Chemist and physicist Antoine-Laurent Lavoisier (1743–1794) was one of the most distinguished French scientists of the eighteenth century. He is credited with discovering the elements hydrogen and oxygen, formulating the law of the conservation of mass, and introducing the metric system.

But Lavoisier also made the fateful mistake of working for the unpopular government of King Louis XVI (1754–1793). After the French Revolution toppled the monarchy, the scientist was arrested, convicted of treason, and beheaded. A colleague, Joseph-Louis Lagrange (1736–1813), famously lamented after the execution: “It took them only an instant to cut off that head, and a hundred years may not produce another like it.”

Lavoisier was born in Paris to a wealthy family and educated at the Sorbonne. He received a law degree, but defied his father’s wishes by abandoning law to study chemistry beginning in the 1760s.

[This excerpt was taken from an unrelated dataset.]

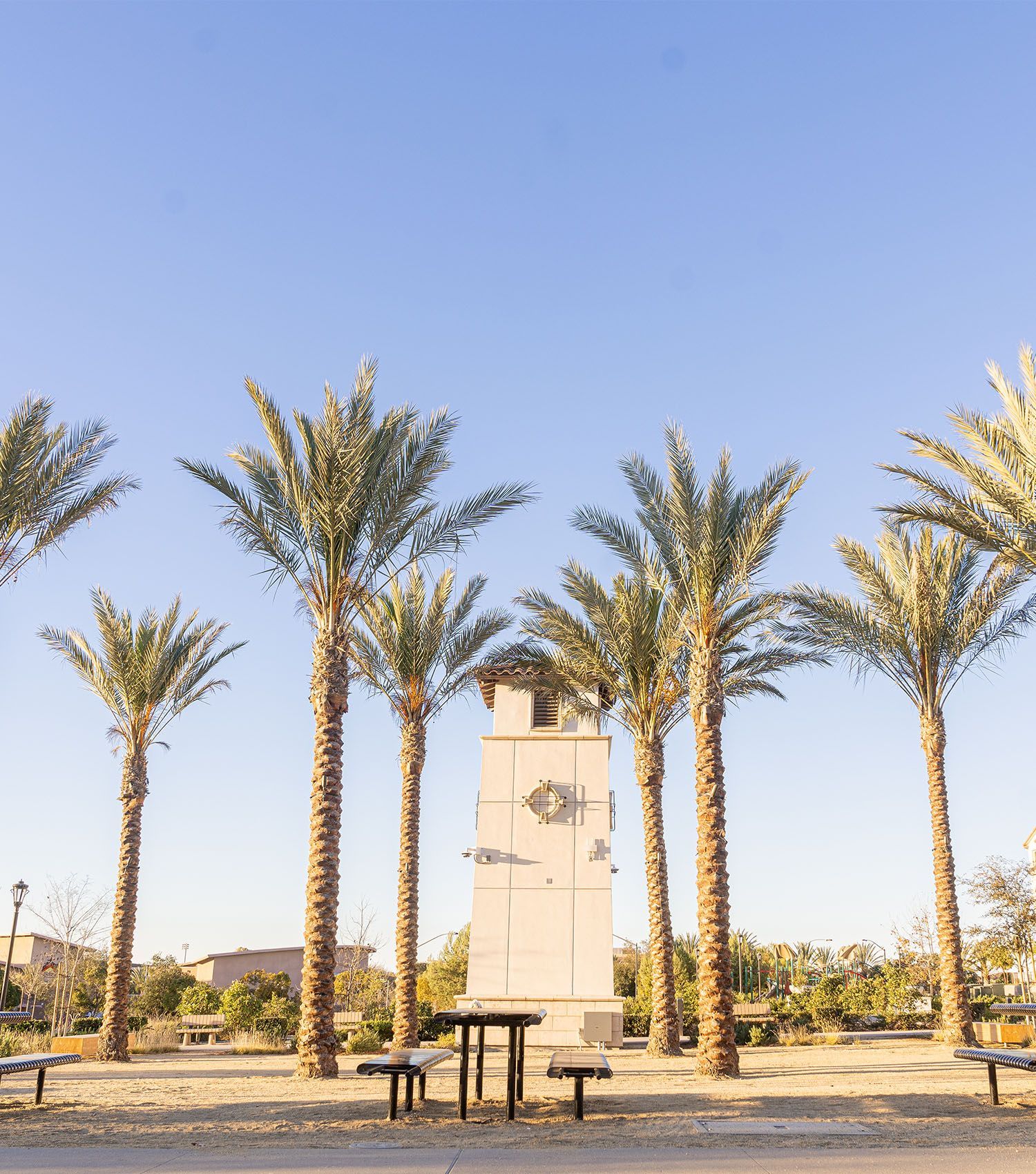 A clock tower with palm trees in front of it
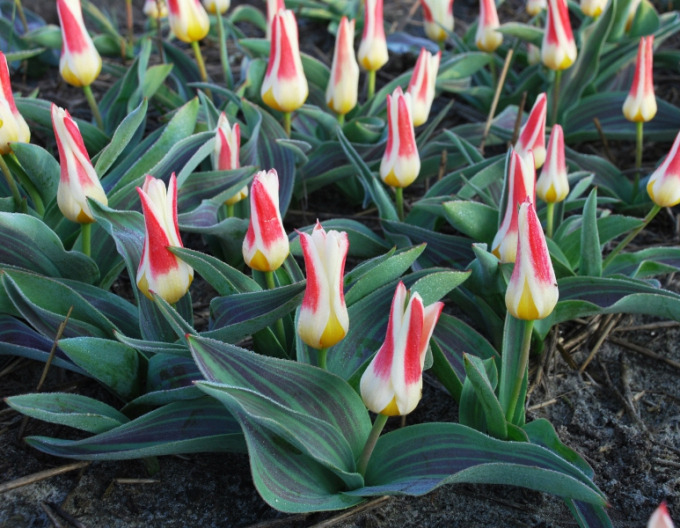 Kaufmanns Tulpe Johann Straus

He later joined a private tax collection firm that handled customs and levies on behalf of the king, and he married the thirteen-year-old daughter of one of France’s chief tax collectors.

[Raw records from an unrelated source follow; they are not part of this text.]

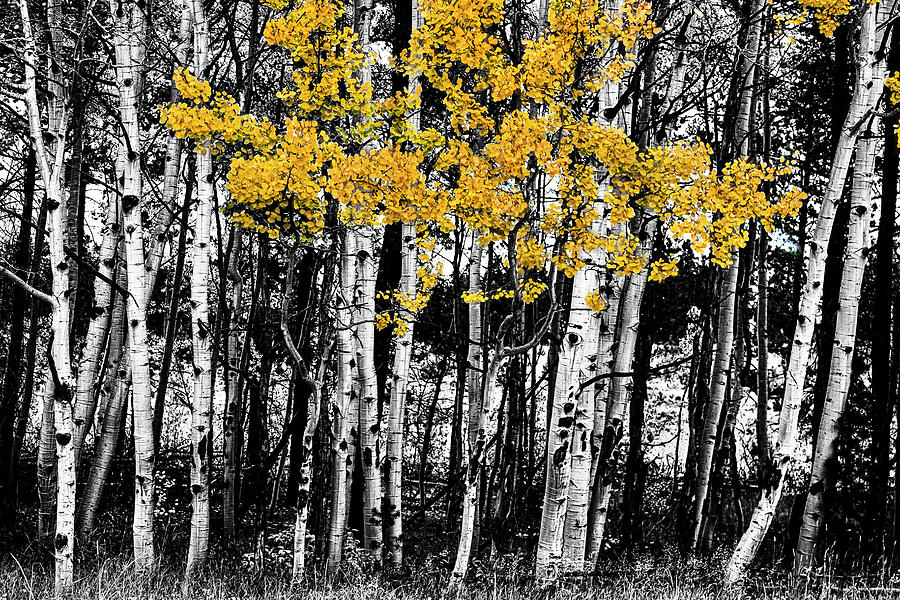 Aspen Touch of Orange Photograph by James BO Insogna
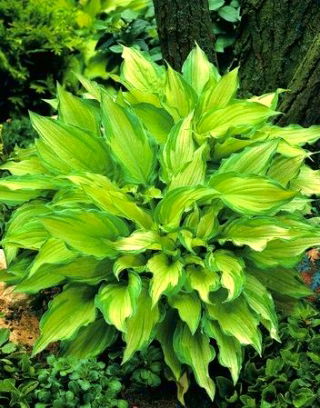 Funkia - Hosta Albopicta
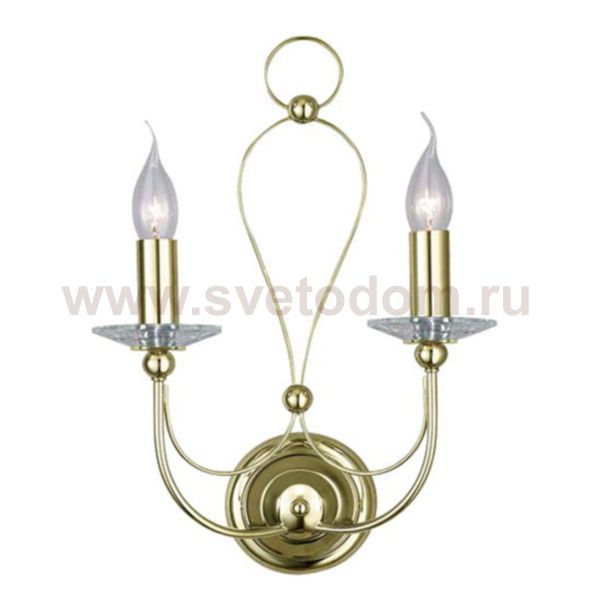 Светильник настенный Arte Lamp A4292AP-2PB Birdcage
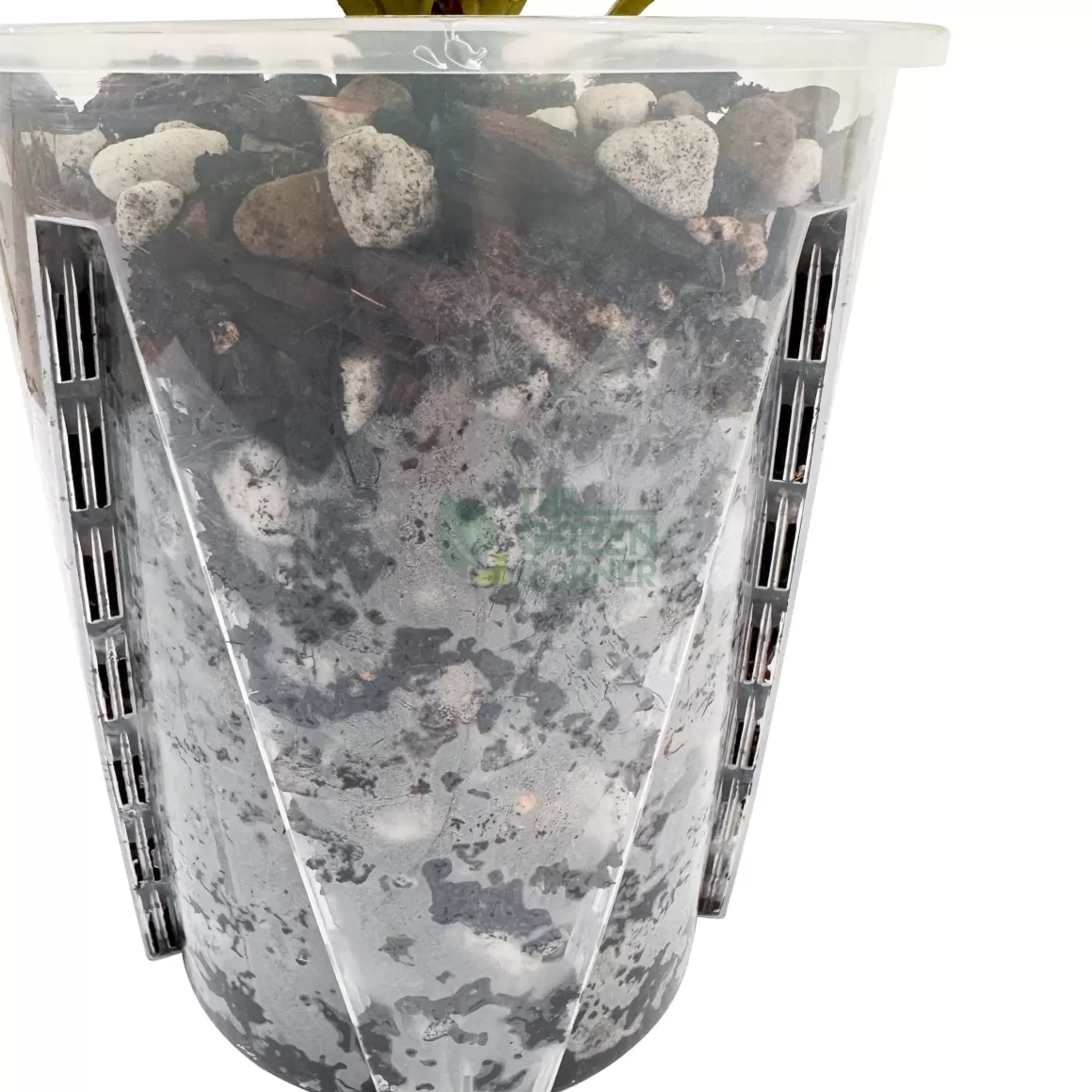 Best Sale Anti-Spiral Transparent Plastic Pot 16Cm Transparent Pots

Chemists were valuable to the French government, and Lavoisier was named commissioner of the Royal Gunpowder and Saltpeter Administration in 1775. One of his missions was to arrange, along with Benjamin Franklin (1706–1790), the shipment of saltpeter to the American rebels after France entered the American Revolution on the side of the colonists.

Meanwhile, he continued his experiments. Lavoisier identified oxygen in 1779 and hydrogen in 1783, naming both elements. He published his Elementary Treatise on Chemistry—considered the first chemistry textbook—in 1789. The book summarized his earlier findings and also introduced the law of the conservation of mass, the concept that in a chemical reaction the total mass will always remain the same.

Because of his service to the king and status as a tax collector, Lavoisier lost much influence after the Revolution in 1789 and the king’s execution in 1793. His scientific preeminence protected him until the next year, when he was tried, convicted, and guillotined all in one day, May 8, 1794, despite protests from other French chemists. He was fifty.

ADDITIONAL FACTS

  1. Combining the French passions for snails and beheadings, Lavoisier conducted a series of experiments in 1768 that proved that certain species of snails would regrow their heads after they were chopped off.
  2. Lavoisier borrowed the names oxygen and hydrogen from the Greek terms meaning “acid-former” and “water-former,” respectively. (Oxys meansacid”; hydro means “water.”)
  3. Less than two years after his execution, the French government overturned Lavoisier’s conviction and apologized to his widow.